Problem to work on: Below is a listing; repeat exactly the lines from the one containing "Mobb Deep The Infamous" to the one containing "Haval F7, фото 5", both included.
■ ■ ■ ■ ■ ■ ■
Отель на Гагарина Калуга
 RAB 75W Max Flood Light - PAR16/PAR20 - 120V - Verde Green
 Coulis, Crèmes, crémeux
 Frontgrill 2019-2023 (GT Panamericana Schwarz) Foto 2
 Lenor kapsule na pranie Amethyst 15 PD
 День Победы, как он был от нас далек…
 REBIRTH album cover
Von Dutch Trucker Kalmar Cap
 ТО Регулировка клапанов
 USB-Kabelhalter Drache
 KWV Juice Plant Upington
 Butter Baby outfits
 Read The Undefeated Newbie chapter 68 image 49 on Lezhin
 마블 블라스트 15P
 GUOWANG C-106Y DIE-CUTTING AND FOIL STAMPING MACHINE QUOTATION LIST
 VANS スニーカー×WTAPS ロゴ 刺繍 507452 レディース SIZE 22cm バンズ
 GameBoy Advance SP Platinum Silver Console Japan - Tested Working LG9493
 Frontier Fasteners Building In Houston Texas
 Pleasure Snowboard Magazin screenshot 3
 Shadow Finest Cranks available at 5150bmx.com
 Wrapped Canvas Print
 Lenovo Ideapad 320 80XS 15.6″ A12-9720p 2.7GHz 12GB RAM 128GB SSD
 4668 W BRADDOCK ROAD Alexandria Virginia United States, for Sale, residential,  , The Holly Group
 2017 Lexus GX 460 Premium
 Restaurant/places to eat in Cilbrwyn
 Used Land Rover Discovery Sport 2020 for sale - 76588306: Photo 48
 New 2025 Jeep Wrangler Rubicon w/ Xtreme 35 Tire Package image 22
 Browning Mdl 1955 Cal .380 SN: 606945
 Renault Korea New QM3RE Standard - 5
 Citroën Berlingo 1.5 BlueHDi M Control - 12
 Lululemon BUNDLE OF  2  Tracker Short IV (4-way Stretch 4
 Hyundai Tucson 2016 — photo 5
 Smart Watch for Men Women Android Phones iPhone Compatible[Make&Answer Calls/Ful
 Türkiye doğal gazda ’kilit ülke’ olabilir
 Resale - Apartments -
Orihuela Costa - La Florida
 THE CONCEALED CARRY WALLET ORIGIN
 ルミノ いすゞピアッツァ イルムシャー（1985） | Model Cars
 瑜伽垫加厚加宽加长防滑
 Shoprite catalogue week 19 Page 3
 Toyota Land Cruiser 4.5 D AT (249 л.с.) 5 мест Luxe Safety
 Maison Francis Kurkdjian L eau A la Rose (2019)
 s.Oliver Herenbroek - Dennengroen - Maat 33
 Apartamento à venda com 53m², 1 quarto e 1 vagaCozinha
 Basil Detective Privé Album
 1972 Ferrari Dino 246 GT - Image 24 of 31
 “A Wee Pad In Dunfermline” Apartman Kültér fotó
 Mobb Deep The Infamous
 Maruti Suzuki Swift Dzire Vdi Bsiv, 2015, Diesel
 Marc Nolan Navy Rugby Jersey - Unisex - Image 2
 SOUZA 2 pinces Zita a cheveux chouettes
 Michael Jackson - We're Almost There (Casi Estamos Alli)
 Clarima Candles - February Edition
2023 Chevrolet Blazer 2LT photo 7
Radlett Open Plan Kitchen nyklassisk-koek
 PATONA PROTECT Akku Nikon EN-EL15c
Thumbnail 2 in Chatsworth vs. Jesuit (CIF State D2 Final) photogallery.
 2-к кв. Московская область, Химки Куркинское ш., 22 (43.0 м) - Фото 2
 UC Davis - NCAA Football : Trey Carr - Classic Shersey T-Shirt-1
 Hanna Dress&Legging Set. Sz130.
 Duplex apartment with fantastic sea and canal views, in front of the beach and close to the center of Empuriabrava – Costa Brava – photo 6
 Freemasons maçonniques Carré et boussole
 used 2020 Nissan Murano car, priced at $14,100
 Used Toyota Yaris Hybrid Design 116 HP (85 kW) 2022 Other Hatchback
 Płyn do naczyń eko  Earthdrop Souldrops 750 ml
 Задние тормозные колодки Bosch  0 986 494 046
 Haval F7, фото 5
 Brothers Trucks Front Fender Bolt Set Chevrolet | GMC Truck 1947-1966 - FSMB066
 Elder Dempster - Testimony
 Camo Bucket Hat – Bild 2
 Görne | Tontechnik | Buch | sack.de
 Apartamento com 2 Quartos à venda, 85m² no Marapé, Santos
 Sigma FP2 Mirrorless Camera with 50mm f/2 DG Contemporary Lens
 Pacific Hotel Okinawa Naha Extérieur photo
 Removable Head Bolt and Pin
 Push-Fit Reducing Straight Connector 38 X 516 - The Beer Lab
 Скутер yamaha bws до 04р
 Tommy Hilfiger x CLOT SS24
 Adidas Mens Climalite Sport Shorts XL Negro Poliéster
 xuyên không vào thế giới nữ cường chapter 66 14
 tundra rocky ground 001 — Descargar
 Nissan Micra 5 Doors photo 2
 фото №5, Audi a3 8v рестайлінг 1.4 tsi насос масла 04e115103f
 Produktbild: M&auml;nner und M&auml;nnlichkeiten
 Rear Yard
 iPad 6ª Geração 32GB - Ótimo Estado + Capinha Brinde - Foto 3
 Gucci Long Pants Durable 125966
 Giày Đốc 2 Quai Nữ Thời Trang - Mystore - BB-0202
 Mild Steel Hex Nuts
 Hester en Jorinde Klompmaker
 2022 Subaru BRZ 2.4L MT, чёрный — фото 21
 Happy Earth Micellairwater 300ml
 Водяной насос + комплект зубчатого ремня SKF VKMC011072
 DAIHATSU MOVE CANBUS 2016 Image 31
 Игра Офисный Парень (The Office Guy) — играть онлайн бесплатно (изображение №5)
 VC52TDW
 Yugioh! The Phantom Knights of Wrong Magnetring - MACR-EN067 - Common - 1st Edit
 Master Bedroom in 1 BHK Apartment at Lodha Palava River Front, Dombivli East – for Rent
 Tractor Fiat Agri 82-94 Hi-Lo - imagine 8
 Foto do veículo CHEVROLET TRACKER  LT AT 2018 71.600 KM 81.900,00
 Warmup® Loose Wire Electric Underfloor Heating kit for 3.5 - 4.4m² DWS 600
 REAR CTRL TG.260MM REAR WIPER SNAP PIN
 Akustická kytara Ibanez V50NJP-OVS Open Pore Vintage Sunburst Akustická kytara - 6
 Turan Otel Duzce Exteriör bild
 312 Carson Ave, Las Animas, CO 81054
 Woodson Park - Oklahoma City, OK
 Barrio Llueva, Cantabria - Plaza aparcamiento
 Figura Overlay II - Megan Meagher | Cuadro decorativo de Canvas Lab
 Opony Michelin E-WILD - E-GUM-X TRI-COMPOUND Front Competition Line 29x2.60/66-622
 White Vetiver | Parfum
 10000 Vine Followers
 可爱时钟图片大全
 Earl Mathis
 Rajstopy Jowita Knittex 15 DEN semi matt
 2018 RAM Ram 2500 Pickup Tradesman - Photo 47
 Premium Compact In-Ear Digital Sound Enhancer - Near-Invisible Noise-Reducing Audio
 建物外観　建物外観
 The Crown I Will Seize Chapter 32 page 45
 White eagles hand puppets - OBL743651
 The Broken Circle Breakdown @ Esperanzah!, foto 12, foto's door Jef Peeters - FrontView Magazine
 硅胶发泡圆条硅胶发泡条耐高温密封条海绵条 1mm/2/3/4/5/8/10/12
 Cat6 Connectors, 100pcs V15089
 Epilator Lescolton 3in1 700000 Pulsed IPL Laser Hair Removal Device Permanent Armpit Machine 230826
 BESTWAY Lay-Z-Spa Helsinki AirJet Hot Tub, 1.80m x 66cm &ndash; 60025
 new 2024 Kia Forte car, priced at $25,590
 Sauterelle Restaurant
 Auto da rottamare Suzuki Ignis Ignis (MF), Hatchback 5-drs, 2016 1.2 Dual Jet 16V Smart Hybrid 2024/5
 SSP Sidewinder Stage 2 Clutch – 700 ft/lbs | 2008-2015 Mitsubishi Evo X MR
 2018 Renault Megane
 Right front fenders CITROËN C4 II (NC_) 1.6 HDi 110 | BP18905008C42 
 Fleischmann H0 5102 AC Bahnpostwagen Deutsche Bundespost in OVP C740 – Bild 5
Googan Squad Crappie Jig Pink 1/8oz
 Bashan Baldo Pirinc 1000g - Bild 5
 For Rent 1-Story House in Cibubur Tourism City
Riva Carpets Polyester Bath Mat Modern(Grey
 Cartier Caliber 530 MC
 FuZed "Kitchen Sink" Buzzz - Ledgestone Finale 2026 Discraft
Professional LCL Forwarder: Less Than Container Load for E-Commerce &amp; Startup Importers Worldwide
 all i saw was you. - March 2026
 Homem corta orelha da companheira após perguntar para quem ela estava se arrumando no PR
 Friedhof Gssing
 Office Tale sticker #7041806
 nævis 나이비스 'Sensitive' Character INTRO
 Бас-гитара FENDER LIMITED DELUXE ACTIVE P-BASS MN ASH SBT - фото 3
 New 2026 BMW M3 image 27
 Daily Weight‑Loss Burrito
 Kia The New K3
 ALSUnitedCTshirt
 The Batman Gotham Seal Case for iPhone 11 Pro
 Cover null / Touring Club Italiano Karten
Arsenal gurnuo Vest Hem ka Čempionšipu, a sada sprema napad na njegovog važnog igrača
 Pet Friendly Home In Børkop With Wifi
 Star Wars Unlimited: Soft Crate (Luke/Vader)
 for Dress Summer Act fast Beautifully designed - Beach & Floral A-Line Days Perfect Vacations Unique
■ ■ ■ ■ ■ ■ ■
Answer for this exercise:
 Mobb Deep The Infamous
 Maruti Suzuki Swift Dzire Vdi Bsiv, 2015, Diesel
 Marc Nolan Navy Rugby Jersey - Unisex - Image 2
 SOUZA 2 pinces Zita a cheveux chouettes
 Michael Jackson - We're Almost There (Casi Estamos Alli)
 Clarima Candles - February Edition
2023 Chevrolet Blazer 2LT photo 7
Radlett Open Plan Kitchen nyklassisk-koek
 PATONA PROTECT Akku Nikon EN-EL15c
Thumbnail 2 in Chatsworth vs. Jesuit (CIF State D2 Final) photogallery.
 2-к кв. Московская область, Химки Куркинское ш., 22 (43.0 м) - Фото 2
 UC Davis - NCAA Football : Trey Carr - Classic Shersey T-Shirt-1
 Hanna Dress&Legging Set. Sz130.
 Duplex apartment with fantastic sea and canal views, in front of the beach and close to the center of Empuriabrava – Costa Brava – photo 6
 Freemasons maçonniques Carré et boussole
 used 2020 Nissan Murano car, priced at $14,100
 Used Toyota Yaris Hybrid Design 116 HP (85 kW) 2022 Other Hatchback
 Płyn do naczyń eko  Earthdrop Souldrops 750 ml
 Задние тормозные колодки Bosch  0 986 494 046
 Haval F7, фото 5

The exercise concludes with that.